- _Exercise requirements_: Each of the entries beneath this task should be written out exactly.
>>>>
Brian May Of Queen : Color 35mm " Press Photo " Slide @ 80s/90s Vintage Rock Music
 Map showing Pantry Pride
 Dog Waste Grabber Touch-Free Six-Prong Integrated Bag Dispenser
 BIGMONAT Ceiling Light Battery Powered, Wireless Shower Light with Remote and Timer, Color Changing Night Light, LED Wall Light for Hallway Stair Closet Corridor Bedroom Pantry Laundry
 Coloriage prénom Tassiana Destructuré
<<<<
- _Expected answer_:
Brian May Of Queen : Color 35mm " Press Photo " Slide @ 80s/90s Vintage Rock Music
 Map showing Pantry Pride
 Dog Waste Grabber Touch-Free Six-Prong Integrated Bag Dispenser
 BIGMONAT Ceiling Light Battery Powered, Wireless Shower Light with Remote and Timer, Color Changing Night Light, LED Wall Light for Hallway Stair Closet Corridor Bedroom Pantry Laundry
 Coloriage prénom Tassiana Destructuré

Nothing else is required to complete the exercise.